When the crack in the plastic punctures the microcapsules, the healing fluid within is released into the crack.  The fluid polymerizes when it comes into contact with the catalyst, and the mixture seals the crack.

This method is effective, but not very efficient.  It can repair cracks between fifty and one hundred micrometers wide, but the fluids have to move through the material by diffusion, which can take a long time.  Also, there is a limit to the number of capsules that can be put in the material without weakening it’s structural integrity.

Circulatory Channels

Pressurized self-healing channels. Source: The Journal of the Royal Society Interface. Hamilton et al. September 2011.

New research being conducted by scientists at the University of Illinois attempts to mimic an animal circulatory system by copying the blood vessels and heart.  Instead of having the self-healing fluids in capsules, they have put it in channels in the material.  Similar to the microcapsules, when the channels are punctured, the fluid within them is released into the crack.

In addition to this change, pressure is also applied at the inlets and outlets of the channel to force the fluid into the crack in the material. This added pressure acts like a heart does in a circulatory system.  The heart forces blood to move all throughout an animal’s body.  The pressure applied to the self-healing fluid has the same effect.  This technique ensures that the entire crack can be effectively repaired.  With the applied pressure method cracks up to one millimetre wide can be repaired.

Current Applications

This technology has innumerable applications in infrastructure and engineering.  NASA is looking into self-healing materials particularly for their space stations.  Cracks and damages on these structures could risk the safety of the entire mission.  With self-healing materials, the lives of astronauts are more secure, and they can focus on exploration, rather than restoration.

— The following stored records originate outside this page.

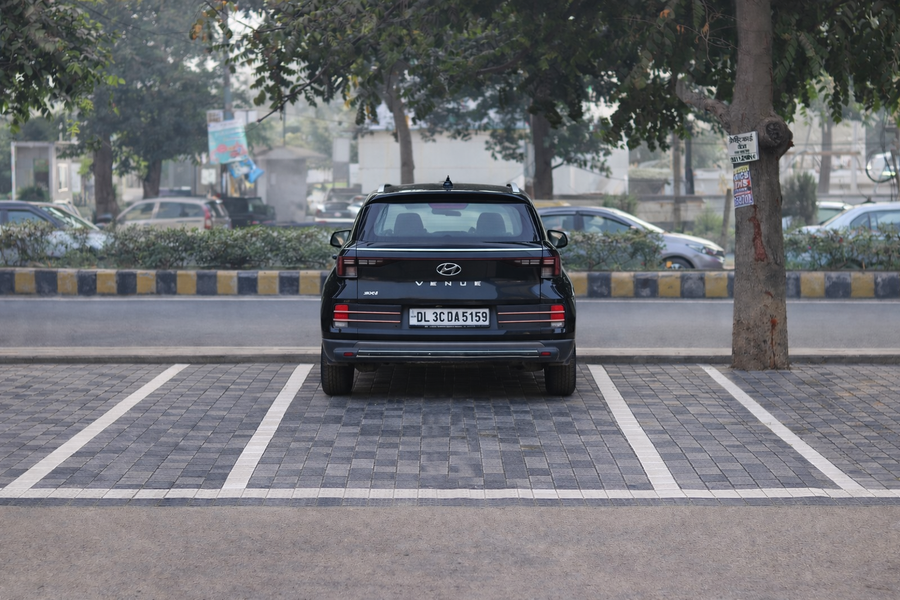 axon corporate stays sector 52 gurgaon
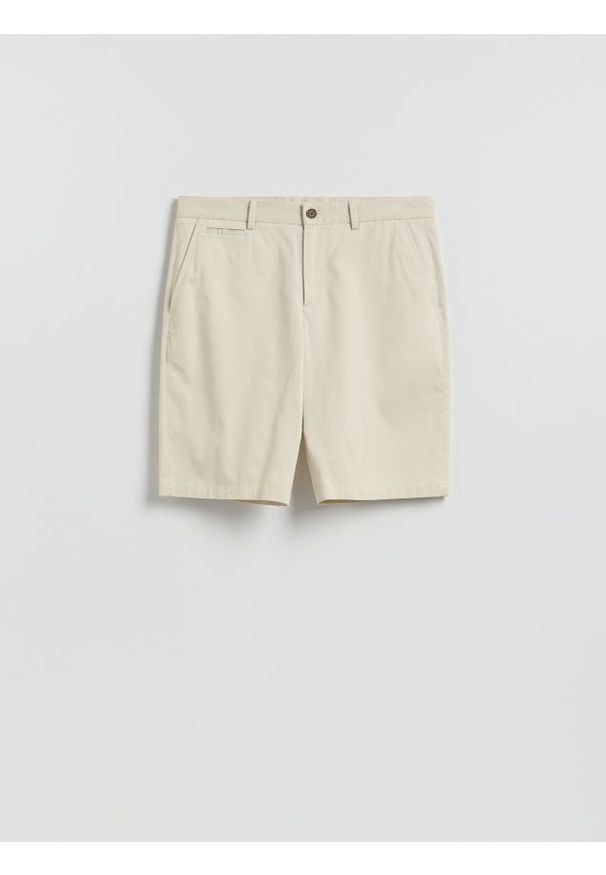 Reserved - Szorty regular z lyocellem - beżowy. Kolor: beżowy. Materiał: tkanina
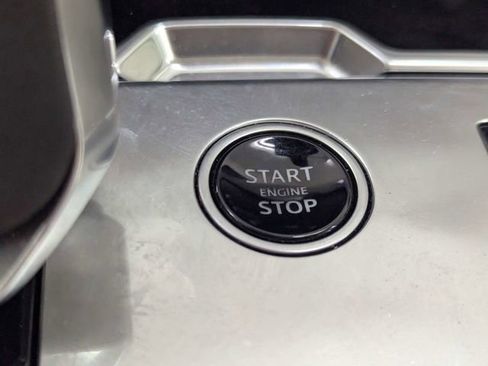 Used 2023 Land Rover Range Rover SE image 22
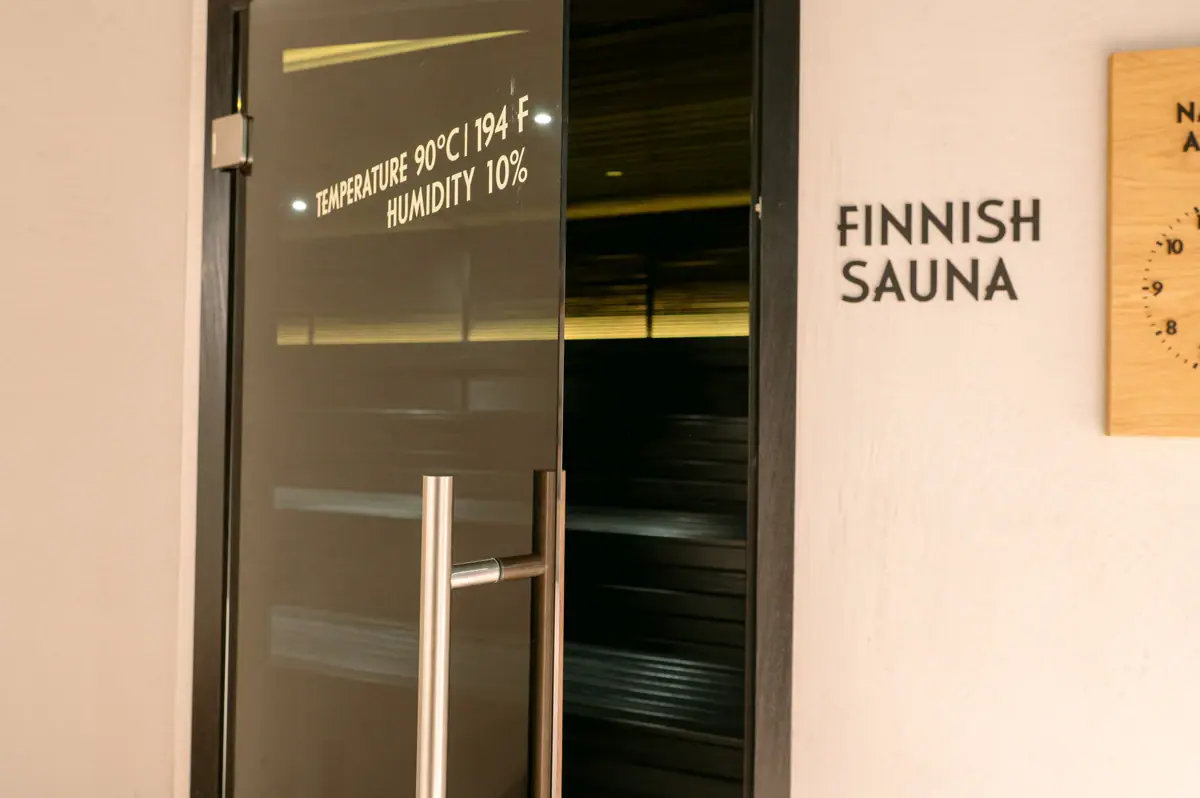 Glastür mit einem Schild darauf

For more information on NASA’s work on self-healing materials, check out this video.

References

Nature article on microcapsule method:

http://www.nature.com.ezproxy.library.ubc.ca/nature/journal/v409/n6822/full/409794a0.html

BBC article on current self-healing research:

Journal of the Royal Society Interface article on channel method:

NASA video:

Posted: 10|10|11 at 3:52 pm. Filed under: New and innovative science, Science in the News, Uncategorized.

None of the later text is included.